The Nike brand is a monolith that is desired from Boston to Beijing and drives much of the company's pricing power. In the most recent quarter, over 93% of total revenue was derived from its eponymous brand. The company has recently been making moves to expand its portfolio of brands and has been making some positive strides with Converse, a wholly owned subsidiary of Nike since 2003.
Converse's classic Chuck Taylor All Stars, which were initially produced in 1917 and endorsed by Taylor in the 1920s, have undergone a redesign. The classic elements of the sneaker have been retained, while its comfort and stability have been enhanced. In the most recent quarter, revenue for the Converse brand was $555 million.
While this is not yet enough to truly move the needle for Nike, it's important for a few reasons. The company is designing a series of shoes around the platform that should increase its profile as a lifestyle brand. It also presents an interesting blueprint for Nike to absorb financially troubled or mismanaged brands that are nevertheless beloved by consumers and push them through the Nike machine.
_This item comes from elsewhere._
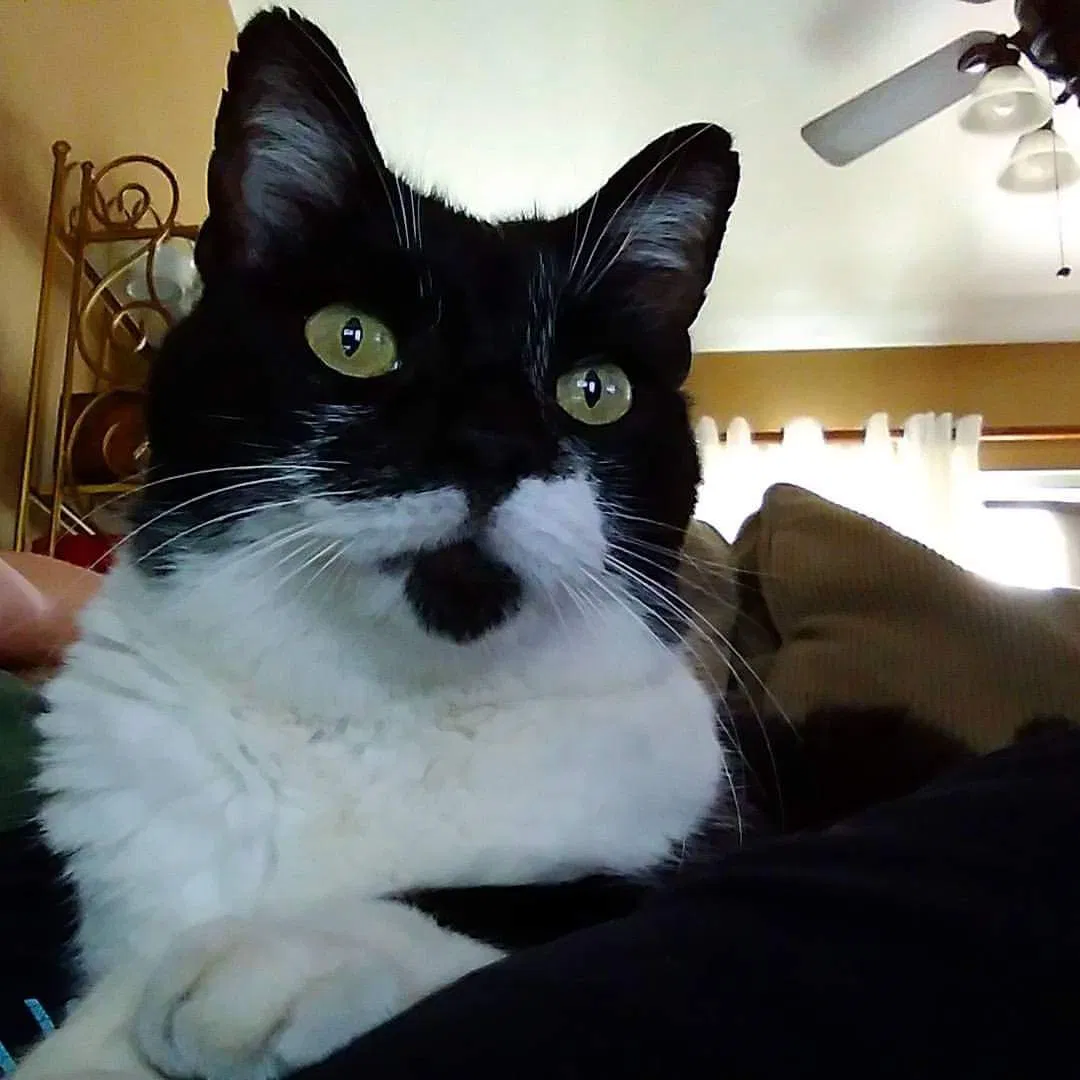 Lost cat in Hemet, CA, 92545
Better technology, materials, marketing, and distribution could do for many other brands what it has already done for Converse.
China ... again
If you're an investor in nearly any consumer goods company, you've heard about China ad nauseam. For Nike, the China story is really breathtaking and somehow still only in the early to middle stages. Revenue in Greater China was up 30% year-over-year last quarter. The largest revenue segment was footwear, which was up 36% year-over-year.
Nike continues to grow in North America, parts of Europe, Japan, and emerging markets, but it is the strength in China that makes this such an exciting opportunity. I can easily envision a scenario where the past 10 to 20 years of Nike in North America are replicated in China, albeit in a market with over 1.3 billion people.
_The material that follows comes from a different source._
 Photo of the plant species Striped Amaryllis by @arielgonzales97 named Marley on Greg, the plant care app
Margins, taxes, and prudent buybacks
Revenue growth has been wonderful, but for a company as large and stable as this, I also like to see management wring out inefficiencies and figure out the best ways to allocate excess cash. On these fronts, Nike has been operated extremely well. Gross margins expanded 90 basis points to 47.5%, and the company was able to reduce its tax rate by over 300 basis points from the same period last year. This may not seem like much, but it has a direct and substantive impact on net margin. Net margin expansion plus growing revenues equals higher net income.
The effect of the growth in net income, up 23% to $1.2 billion last quarter, is enhanced by an aggressive and well-planned share repurchase program. Since a four-year $8 billion repurchase plan was authorized in 2012, management has bought back $6.5 billion worth of shares at an average price of $75.70, which is substantially below where shares trade today. The effect of these buybacks can be seen in the decline in fully diluted shares from 971 million in 2011 to currently under 880 million.
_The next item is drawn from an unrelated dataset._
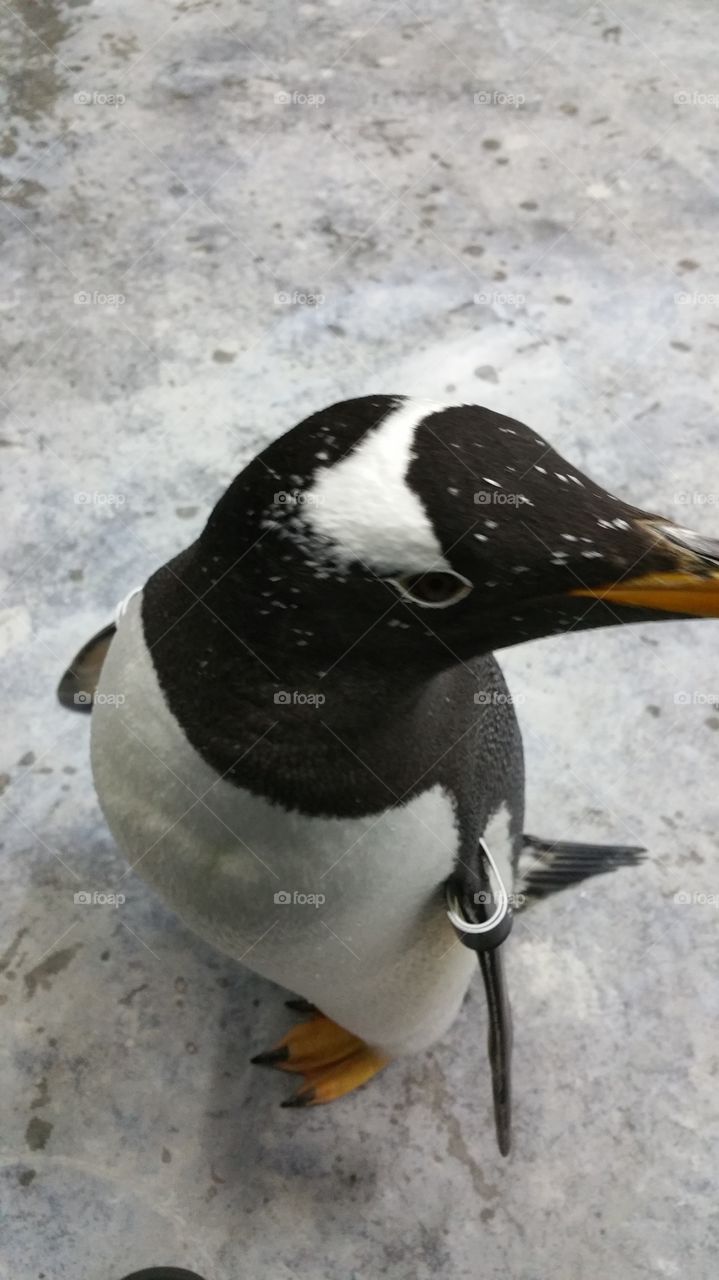 Penguin Glare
Nike remains a buy in my book, and you don't have to choose between it and Under Armour. I believe there are enough growth opportunities for both to succeed. Nike is a more conservative investment with less potential upside, but it is far from the stodgy old company some in the financial media make it out to be. If you're looking for some global exposure from a stable, U.S.-based company, then Nike might be just what your portfolio needs.